Kerry Kennedy has gathered the reflections of such prominent Americans, who share their experience of Being Catholic Now. It is the name of her New York Times best-seller, and the subject of a public lecture at Sacred Heart University on March 26. She drew a capacity crowd to University Commons, and following questions from the floor, dozens of people lined up to meet the author and have her sign copies of the book.
Sophomore Sam Dowd asked Kerry Kennedy a question about "Being Catholic Now".
Kennedy explained that she deliberately chose as wide a cross-section as possible to share their experiences – happy and sad – of being Catholic. “There are whites, Hispanics, and African-Americans,” she pointed out. “Men and women.
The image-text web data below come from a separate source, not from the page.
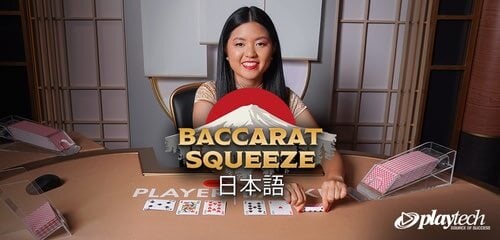 Play Baccarat Squeeze at ICE36 Casino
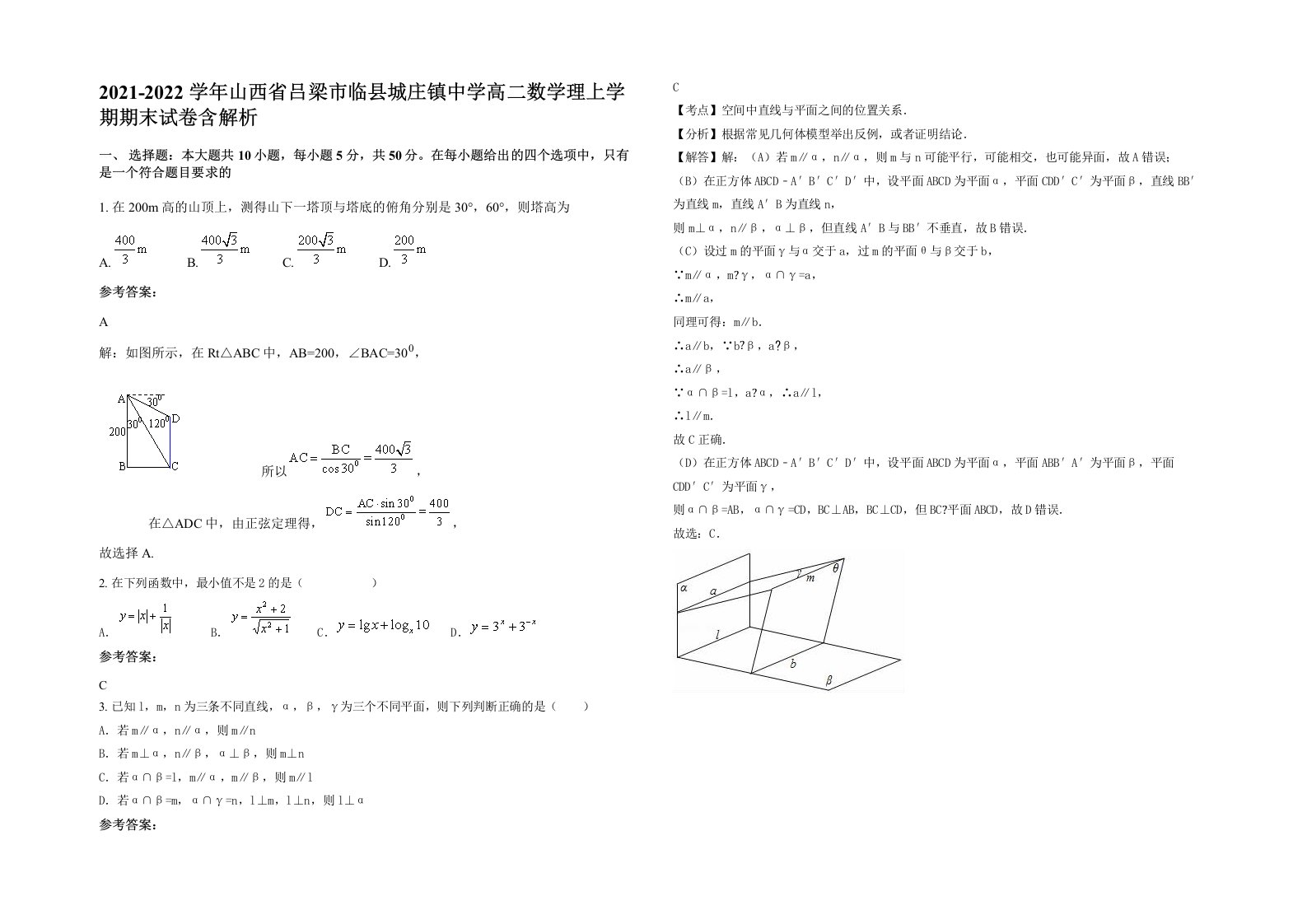 2021-2022学年山西省吕梁市临县城庄镇中学高二数学理上学期期末试卷含解析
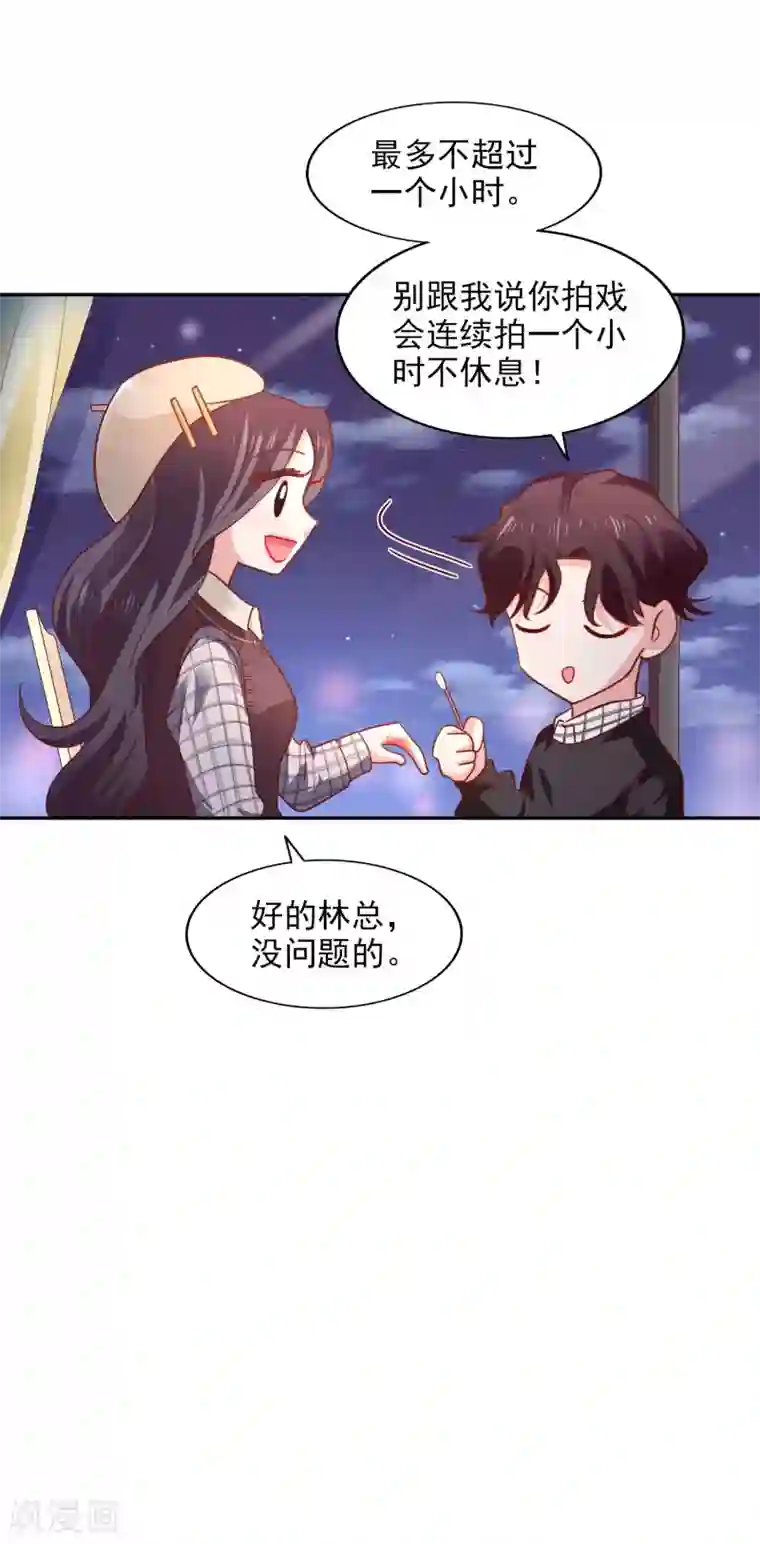 假戏真爱：我不是恶毒女配第37话 他的温柔
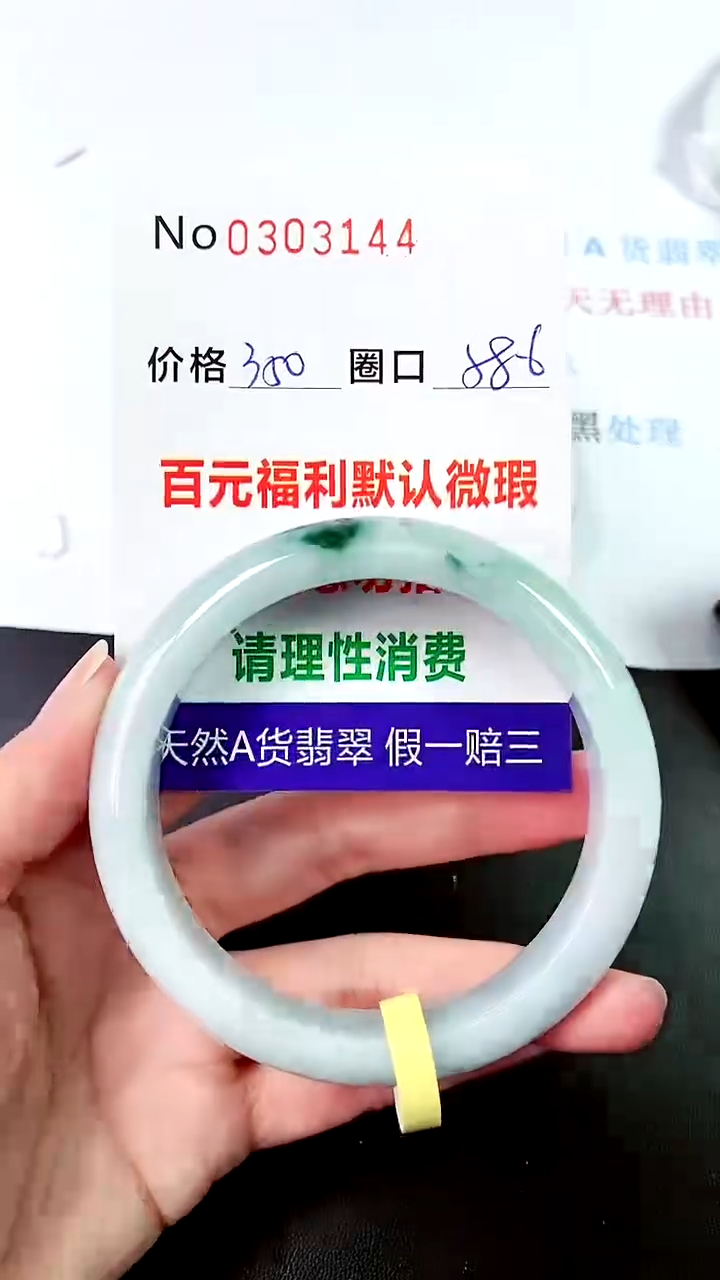 【闪购商品】翡翠手镯未镶嵌00303144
Very conservative and very liberal. They range in age from 19 to 86.” They also run the gamut from committed believers to those, like Maher and McCourt, who may think of themselves as “recovering Catholics.”
One of Ethel and the late Senator Robert Kennedy’s 11 children, she noted that every facet of her life growing up was shaped by her family and her faith. They dedicated each day to God and gave thanks before and after meals. They prayed to the saints: “St. Jude for lost causes, St. Anthony for lost items, and St. Christopher for safe journeys. We prayed when we were happy, sad, mourning, angry, scared or grateful,” she recalled, adding that in later years, their house was filled with nuns and priests who were on the cutting edge of Catholic social teaching and helping to remake the world. In later years, however, she felt some ambivalence about the faith of her fathers, and this book was an effort to share that journey with others.
Kennedy found that every contributor to the book had disagreements with the Church. She noted Pope Benedict’s analysis that the search for truth is central to the Catholic faith. “That means questioning the status quo. It doesn’t mean it’s wrong, just that we arrive at the truth through this process.”
Kennedy is the founder of “Speak Truth to Power,” a dynamic multimedia program that came to Sacred Heart University last year. The play of the same name, which highlights the struggles of human rights advocates worldwide, was performed at SHU by an all-star cast that featured actor Martin Sheen, who is also a contributor to Being Catholic Now. She will be honored on Wednesday, April 22, at the University’s 20th annual Discovery Awards and Scholarship Dinner at the Hyatt Regency in Old Greenwich for her leadership in promoting international human rights.